Plaintiffs initiated their federal district court case against the defendants in a predictable manner: by filing a complaint purportedly in compliance with Federal Rule of Civil Procedure 8(a)(2) (“Rule 8”). Plaintiffs’ complaint made the two allegations above by stating, in relevant part, that “[i]n the absence of any meaningful competition between the [competitors] in one another’s markets, and in light of the parallel course of conduct that each engaged in to prevent competition from [entrants] within their, Plaintiffs allege upon information and belief that the [competitors] have entered into a contract, combination or conspiracy to prevent competitive [market] entry....and have agreed not to compete with one another and otherwise allocated customers and markets to one another.” The Second Circuit held that Plaintiffs’ complaint was sufficient to state a Sherman Act § 1 claim under Rule 8 because, it reasoned, plaintiffs need not plead “plus factors” under Rule 8 for an antitrust claim based on parallel conduct to survive dismissal.

Addressing the issue of what a plaintiff must plead to state a claim under Sherman Act § 1, the Supreme Court began its analysis by restating that “‘the crucial question’ is whether the challenged anticompetitive conduct ‘stem[s] from independent decision or from an agreement, tacit or express.’” Because Rule 8’s short and plain statement must show that the pleader is entitled to relief, a plaintiff must set forth “some setting” suggesting the illegal agreement took place, or show further circumstances pointing toward a meeting of the minds, to make out a Sherman Act § 1 claim. In other words, the Court held that “an allegation of parallel conduct and a bare assertion of conspiracy will not suffice” to state a Sherman Act § 1 claim under Rule 8.

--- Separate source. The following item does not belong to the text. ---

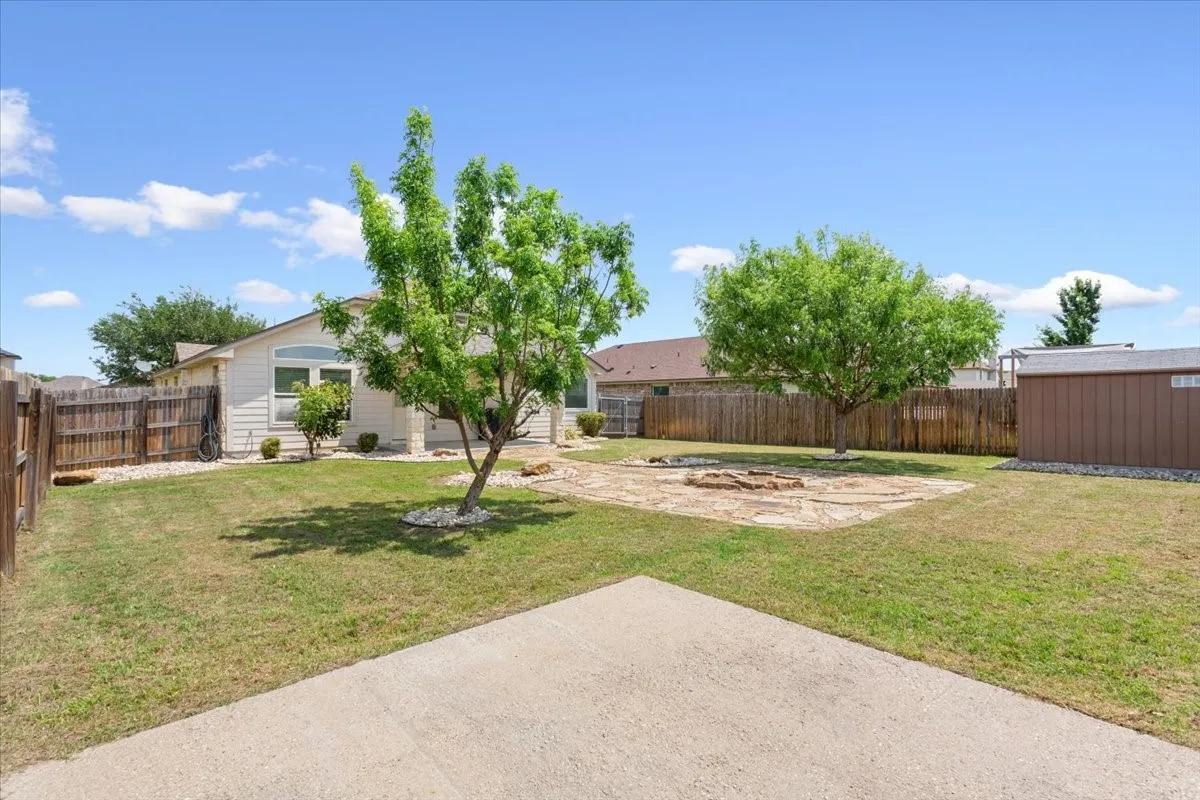 Single Family Residence For Sale in Mc Lennan County , 9448 Centennial Drive, Waco, Texas 76708, 3 Bedroom, 2 Bathroom, 2 Garage spaces, 1,844 Sqft, built in 2014, mls#21213429, Real Estate Agent in Waco, Homes For Sale in Mc Lennan county, Homes For Sale in Waco, Realtor in Waco Texas, Real Estate Brokerage Independent Realty Texas, Luminita Cordes Realtor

The test enunciated by the Court requires a Sherman Act § 1 plaintiff at the pleading stage to set forth allegations “plausibly suggesting,” not merely consistent with, an agreement between the competitors to satisfy Rule 8’s requirement that the plaintiff show that he/she is entitled to relief. The Court then held that the complaint in Twombly failed to meet the “plausibility” requirement because the complaint rested only on descriptions of parallel conduct and not on any “independent allegations” of an illegal agreement among the competitors. The Court concluded that the complaint intimated nothing more than that the competitor’s resistance to the new market entrants was the “natural, unilateral reaction” of each competitor to keep its regional dominance. While Plaintiffs’ claims were conceivable, they were not plausible according to the Court.

Twombly is a victory for antitrust defendants because plaintiffs can no longer bring bare bones Sherman Act § 1 complaints to haul an antitrust defendant into court. Twombly spares firms arguably engaging in some form of conscious parallelism with their competitors the time and expense of conducting an extensive motion practice or even discovery where plaintiffs allege nothing more than conscious parallelism to state a claim under Sherman Act § 1. Illegal conduct under Sherman Act § 1 requires some sort of agreement, tacit or express, and the Twombly decision makes clear that complaints that fail to plausibly allege that such an agreement occurred will fail to meet Rule 8’s pleading standard.